* [WHAT YOU NEED TO DO]: Please give back, exactly as written, the lines from the line with "2025 Audi Q8 55 Prestige" to the line with "Austin Reaves trocas Lakers" in the listing below, leaving out all pictures.

* [RECORD EXTRACTS]:
==================================================

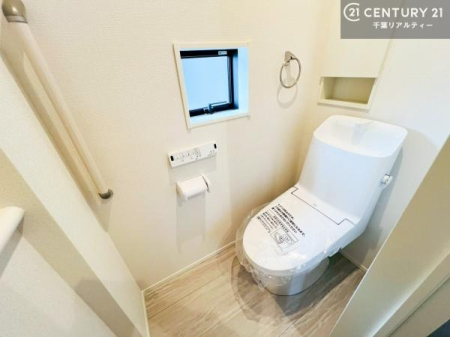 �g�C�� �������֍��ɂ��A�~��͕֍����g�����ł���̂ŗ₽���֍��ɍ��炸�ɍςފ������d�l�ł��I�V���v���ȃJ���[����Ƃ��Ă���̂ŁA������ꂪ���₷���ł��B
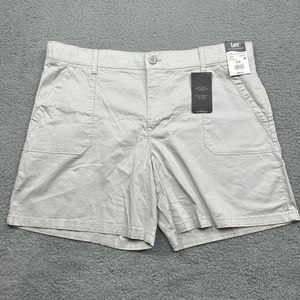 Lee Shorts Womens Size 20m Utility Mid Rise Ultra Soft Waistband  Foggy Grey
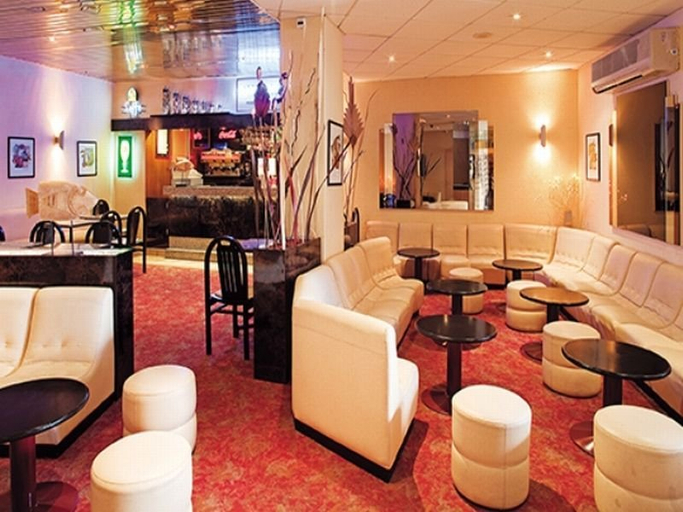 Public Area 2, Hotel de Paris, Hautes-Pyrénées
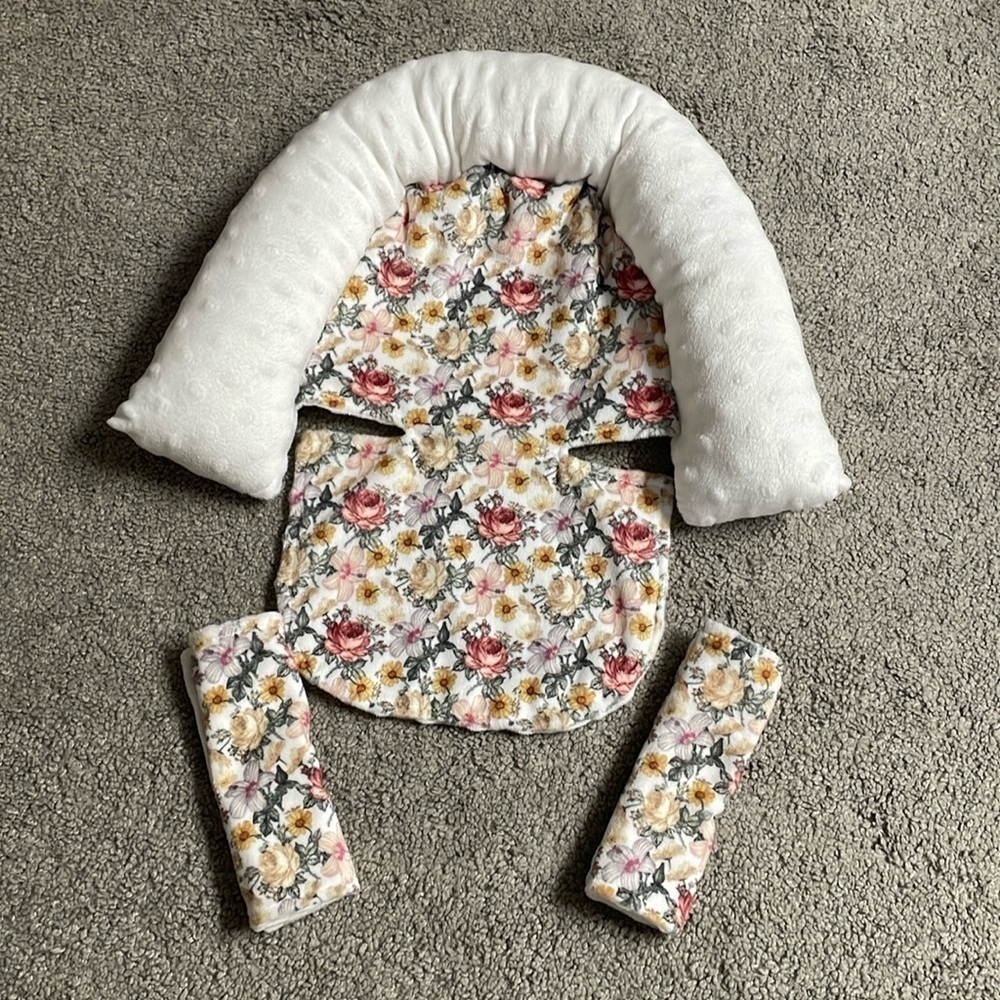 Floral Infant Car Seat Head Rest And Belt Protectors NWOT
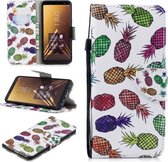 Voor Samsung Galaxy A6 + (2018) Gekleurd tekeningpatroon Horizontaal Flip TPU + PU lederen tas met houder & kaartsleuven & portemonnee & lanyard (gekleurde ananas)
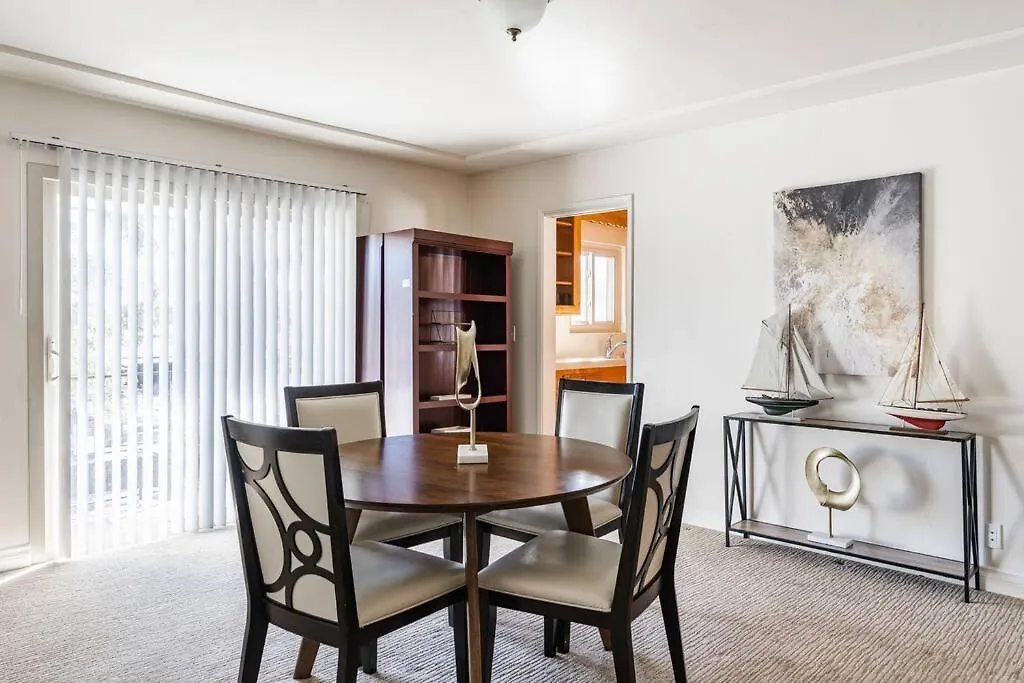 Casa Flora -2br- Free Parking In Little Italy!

==================================================

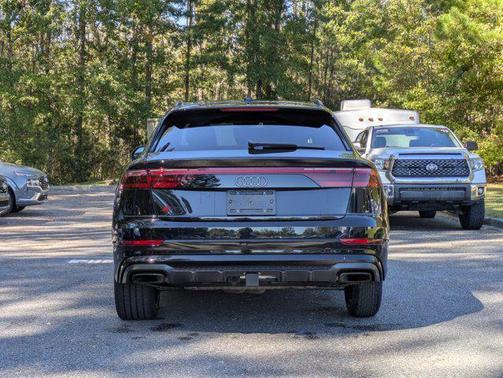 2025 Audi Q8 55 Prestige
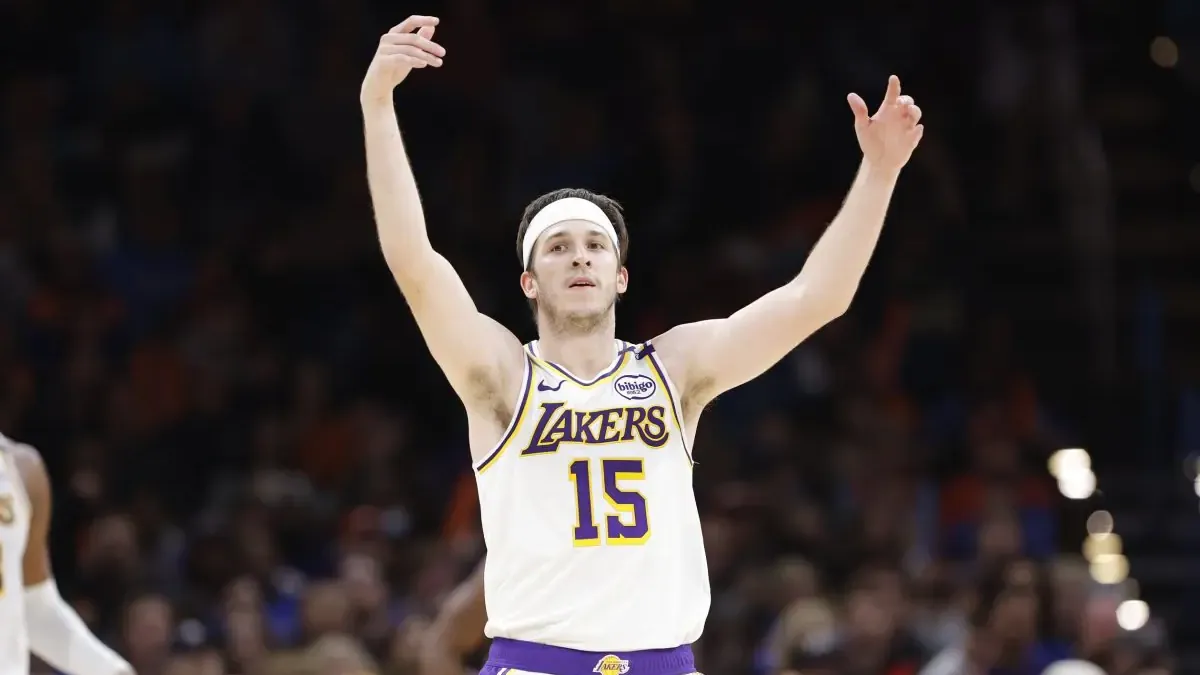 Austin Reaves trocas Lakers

==================================================

* [EXERCISE OUTPUT]:
 2025 Audi Q8 55 Prestige
 Austin Reaves trocas Lakers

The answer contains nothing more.